In other words, the position of one side in the debate is that American English has an unstressed /ʌ/, contrasting with unstressed /ə/, but no stressed /ʌ/.  --Lambiam 21:43, 20 November 2022 (UTC)Reply[reply]
No, of course not. The idea is that apparent contrasts between unstressed /ʌ/ and /ə/ can actually be explained as contrasts between /ə/ with some degree of stress and /ə/ that is completely unstressed. See the Wikipedia article w:Stress and vowel reduction in English#Degrees_of_lexical_stress, in particular "it is common for tertiary stress to be assigned to those syllables that, while not assigned primary or secondary stress, nonetheless contain full vowels": if the degree of stress rather than the level of vowel reduction is taken to be the underlying contrast, then the degree of vowel reduction can be interpreted as a secondary, allophonic property of a vowel.--Urszag (talk) 22:20, 20 November 2022 (UTC)Reply[reply]
The problem with saying that the debate "is really about whether stressed schwa contrasts with /ʌ/" is that if we go by the traditional definition of schwa where it does not occur in stressed syllables, it obviously does not contrast with any stressed vowel: there is nothing special in terms of patterns of contrast about how it compares to stressed /ʌ/, you could equally transcribe stressed /ɪ/ or /ʊ/ as /ə/ with no ambiguity. Identifying /ə/ with /ʌ/ would have to be based either on a supposed greater phonetic similarity between /ə/ and this particular stressed vowel, or on the phonological phenomenon of certain words like what, was, because, of having strong (stressed) forms with /ʌ/ in some American English accents, where the replacement of the word's original stressed vowel quality with /ʌ/ can be explained as caused by vowel reduction followed by "re-stressing" of /ə/ .--Urszag (talk) 22:20, 20 November 2022 (UTC)Reply[reply]

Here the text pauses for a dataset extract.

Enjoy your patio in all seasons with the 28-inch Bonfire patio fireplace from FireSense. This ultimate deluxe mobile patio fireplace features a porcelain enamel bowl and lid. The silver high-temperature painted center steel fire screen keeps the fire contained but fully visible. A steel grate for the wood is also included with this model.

Okay, thank you. I agree with everything you say in this paragraph. I'd even say that if we must unite schwa with some other vowel, /ʌ/ seems like the best choice. However I still oppose this change because I believe it does nothing useful, and makes analysis more complicated. As I said above, this is against the tradition of all Germanic languages, and makes about as much sense to me as transcribing German entdecken with three schwas. Perhaps English is different somehow. But is it?

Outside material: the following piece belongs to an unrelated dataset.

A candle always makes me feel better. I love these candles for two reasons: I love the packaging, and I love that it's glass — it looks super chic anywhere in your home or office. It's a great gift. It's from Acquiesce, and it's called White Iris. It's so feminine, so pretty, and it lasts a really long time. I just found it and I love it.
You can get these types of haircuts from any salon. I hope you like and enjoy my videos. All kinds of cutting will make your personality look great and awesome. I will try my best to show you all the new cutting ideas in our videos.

What do we gain, exactly, by reducing the English vowel inventory by one? People up above have admitted that the stressed schwa has a clear allophone of [ʌ], and the ʌ=ə analysis would make it the only vowel in the English language with allophones so far apart. This may mislead readers who assume, following the pattern of all the other vowels in our transcriptions, that stressed schwa really is pronounced as [ə] and not as [ʌ].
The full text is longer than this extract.